The acrid smoke almost stifled him; sparks burnt his hands, and his wrists, and his face; the jaws of the trap commenced to catch the heat as it travelled along the conducting steel, and he was threatened with the fact that he might burn his leg off. With his knife he dug up the black moist earth beneath the leaves, and dribbled it on to the heating jaws.

Carney was so intent on his manifold duties that he had practically forgotten Jack the Wolf; but as he turned his face from an inspection of a spring that was reddening, he saw a pair of black vicious eyes watching him, and a hand reaching for his gun belt that lay across the birch log.

The hands of both men grasped the belt at the same moment, and a terrible struggle ensued. Carney was handicapped by the trap, which seemed to bite into his leg as if it were one of the wolves fighting Jack's battle; and Jack the Wolf showed, by his vain efforts to rise, that his legs had been made almost useless in that drag by the horse.

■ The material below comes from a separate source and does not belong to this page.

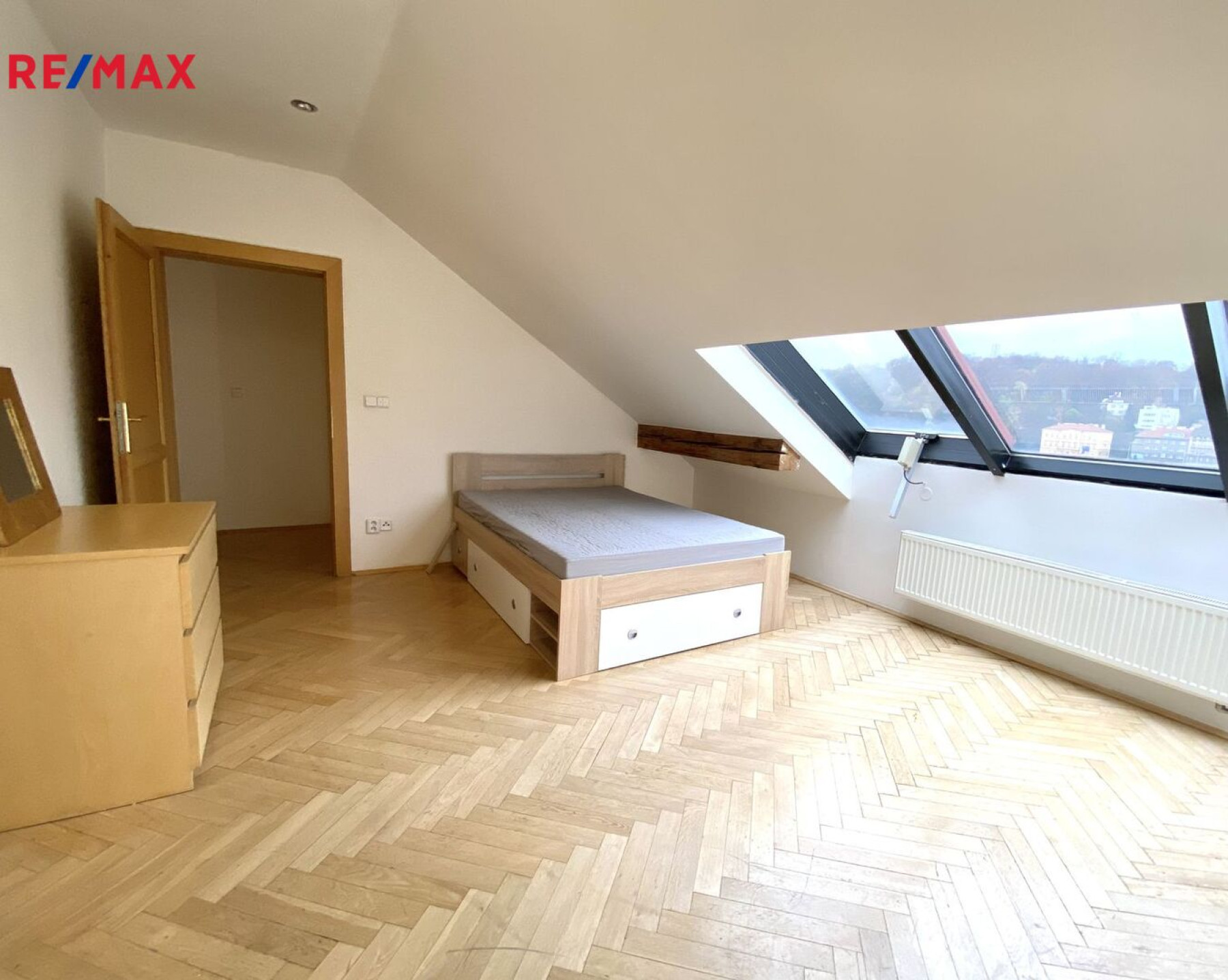 Pronájem bytu 2+kk o výměře 74 m2, Praha 5 - Smíchov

Carney had in one hand a stout stick with which he had been adjusting his fire, and he brought this down on the other's wrist, almost shattering the bone. With a cry of pain Jack the Wolf released his grasp of the belt, and Carney, pulling the gun, covered him, saying:

"Hoped you were dead, Jack the Murderer! Now turn face down on this log, with your hands behind your back, till I hobble you."

"I can spring that trap with a lever and let you out," Jack offered.

"Don't need you—I'm going to see you hanged and don't want to be under any obligation to you, murderer; turn over quick or I'll kill you now—my leg is on fire."

Jack the Wolf knew that a man with a bear trap on his leg and a gun in his hand was not a man to trifle with, so he obeyed.

When Jack's wrists were tied with the picket line, Carney took a loop about the prisoner's legs; then he turned to his fires.

The struggle had turned the steel springs from the fires; but in the twisting one of them had been bent so that its ring had slipped down from the jaws. Now Carney heaped both fires under the other spring and soon it was so hot that, when balancing his weight on the leg in the trap, he placed his other foot on it and shifted his weight, the strip of steel went down like paper. He was free.